Epidemiologic profile of adult admitted to a reference center in burn treatment

Gricélia Pereira Santos1; Nilce Almino Freitas2; Vasco Diógenes Bastos3; Flávio Feitosa Carvalho4

RESUMO

OBJETIVO: Descrever o perfil epidemiológico dos adultos internados em um centro de tratamento referência em queimaduras.
MÉTODO: Estudo descritivo, transversal, com abordagem quantitativa. Realizado em março de 2016, no Centro de Tratamento de Queimados do Hospital Dr. José Frota, Fortaleza, CE.
RESULTADOS: Participaram 20 indivíduos adultos, prevalecendo o gênero masculino 11 (55%), com renda de um salário mínimo, baixo nível de escolaridade, provenientes do interior do Estado 14 (70%). O choque elétrico esteve presente em seis (30%) acidentes, os quais aconteceram no ambiente de trabalho. A maioria dos participantes, 11 (55%), apresentou superfície corporal queimada maior que 20% e em 16 (80%) indivíduos a lesão foi de 2º grau. A área do corpo mais atingida foi o tronco, totalizando 18 casos (90%). A maior parte dos indivíduos não tinham conhecimento do perigo do acidente 14 (70%).
CONCLUSÃO: Produtos inflamáveis foram os principais agentes causadores de acidentes, no domicílio, atingindo principalmente as mulheres, 7 (35%), e o choque elétrico no ambiente de trabalho, com maior prevalência dos indivíduos do gênero masculino. Os participantes possuem baixo nível socioeconômico e de escolaridade e foram classificados como médio e grande queimado, sendo o tronco a região corporal mais afetada.

Palavras-chave: Queimaduras. Unidades de Queimados. Adulto. Epidemiologia.

ABSTRACT

OBJECTIVE: To describe the epidemiological profile of adults admitted to a reference treatment center in burns.
METHOD: Descriptive, cross-sectional study with quantitative approach. It was held in March 2016, at the Burning Treatment Center of Dr. José Frota Hospital, Fortaleza-CE.
RESULTS: Twenty male adults (55%), with a minimum wage income, and a low level of schooling, from the interior of the State 14 (70%) prevailed. Electrical shock was present in six (30%) accidents, which occurred in the work environment. The majority of the participants, 11 (55%), had burned body surface grater than 20% and in 16 (80%) individuals the lesion was of the second degree. The most affected area of body the was the trunk, totaling 18 (90%). Most of the individuals were unaware of the danger of the accident 14 (70%).
CONCLUSION: Flammable products were the main cause of accidents at home, affecting mainly women - 7 (35%) - and electric shock in the workplace, with a higher prevalence of males. The participants had low socioeconomic and schooling levels and were classified as medium and large burned, with the trunk being the most affected body region.
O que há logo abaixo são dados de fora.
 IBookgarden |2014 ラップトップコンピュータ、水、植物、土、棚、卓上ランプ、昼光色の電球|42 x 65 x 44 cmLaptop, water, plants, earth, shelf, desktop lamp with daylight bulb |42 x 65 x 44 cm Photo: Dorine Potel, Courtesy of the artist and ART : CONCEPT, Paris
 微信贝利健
Keywords: Burns. Burn Units. Adult. Epidemiology.

INTRODUÇÃO

A queimadura é considerada um problema de saúde pública em vários países. Na China, Vietnã, Irã, Índia, Egito, Argentina e Venezuela fatores como moradias precárias, baixa escolaridade, habitações superlotadas, utilização de fogareiros para cozinhar, além da carência de campanhas de educação pública, contribuem para a ocorrência de queimadura acidental1. Nos Estados Unidos é considerada a quarta maior causa de morte por trauma (cerca de 1,25 milhão de pessoas sofrem algum tipo de queimadura por ano) e a quinta causa de morte acidental no mundo, de acordo com os dados da Organização Mundial de Saúde2,3.

No Brasil estima-se que 1.000.000 de indivíduos se queimem por ano, sendo que, destes, 200 mil são atendidos em serviços de emergência e 40 mil demandam hospitalização, gerando uma despesa anual de 63 milhões de reais4.
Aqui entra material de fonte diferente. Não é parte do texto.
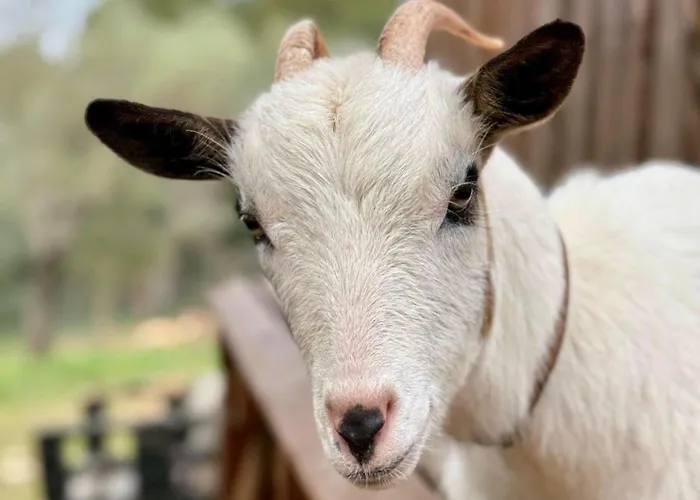 Boeddu, Relax Tra Mare E Campagna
As queimaduras são lesões traumáticas decorrentes de agentes térmicos, químicos, elétricos ou radioativos, capazes de produzir calor excessivo. Dependendo da intensidade do componente causador, os efeitos podem ser devastadores, danificando os tecidos corporais de forma parcial ou total, causando até a morte2,5.
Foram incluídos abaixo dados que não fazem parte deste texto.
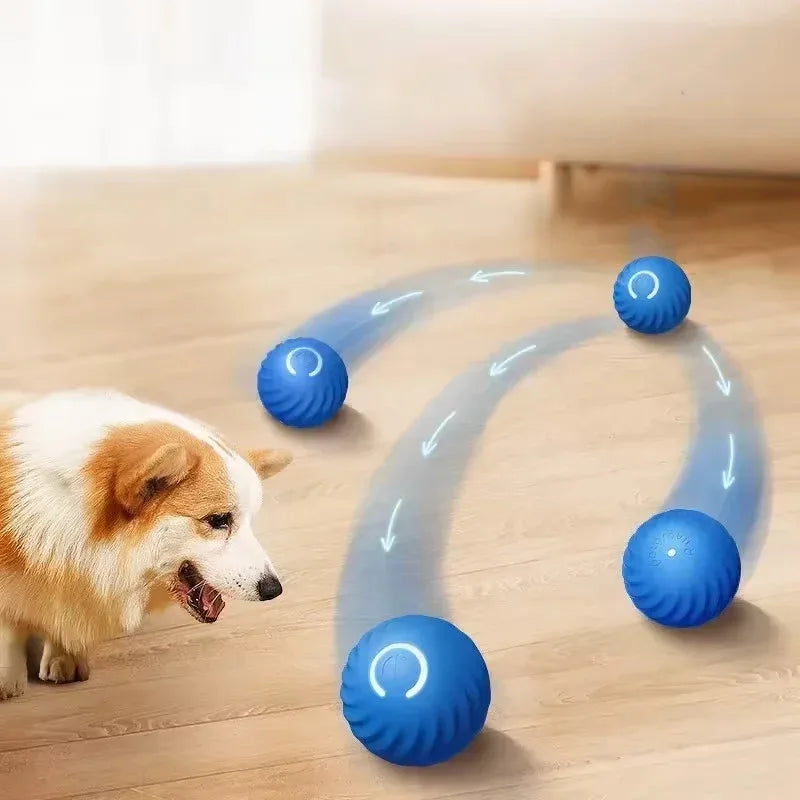 Blue intelligent gravity jump ball for dogs, interactive rolling pet toy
Essas lesões podem comprometer diferentes estruturas orgânicas, sendo avaliadas em graus, conforme a profundidade do trauma6. Quanto à profundidade podem ser: queimadura de primeiro grau, atingindo a camada mais superficial da pele, apresentando vermelhidão local, ardência, inchaço e calor local; queimadura de segundo grau, na qual a lesão atinge as camadas mais profundas da pele, ocorrendo a exposição parcial das terminações nervosas e dos receptores de dor, sendo característica típica deste tipo a presença de bolhas; queimaduras de terceiro grau, em que a lesão se dá por completo, atingindo os tecidos mais profundos, podendo chegar ao tecido ósseo7.

Com relação à área de superfície corporal queimada (SCQ), a extensão da área deve ser avaliada cautelosamente, mediante métodos adequados para a idade da vítima, por ser um dos fatores que mais influencia na repercussão sistêmica e na sobrevida do paciente6,8.

Segundo a Portaria GM-MS 1.274 de 22-11-2000, os pacientes queimados podem ser classificados como: pequeno queimado (os que apresentam queimaduras de 1º e 2º graus com até 10% da área corporal atingida), médio queimado (os que apresentam queimaduras de 1º e 2º graus, com área corporal atingida entre 10% e 25%, ou queimaduras de 3º grau com até 10% da área corporal atingida, ou queimadura de mão e/ou pé) e grande queimado (os que apresentam queimaduras de 1º e 2º graus, com área corporal atingida maior do que 26%, ou queimaduras de 3º grau, com mais de 10% da área corporal atingida, ou queimadura de períneo)9.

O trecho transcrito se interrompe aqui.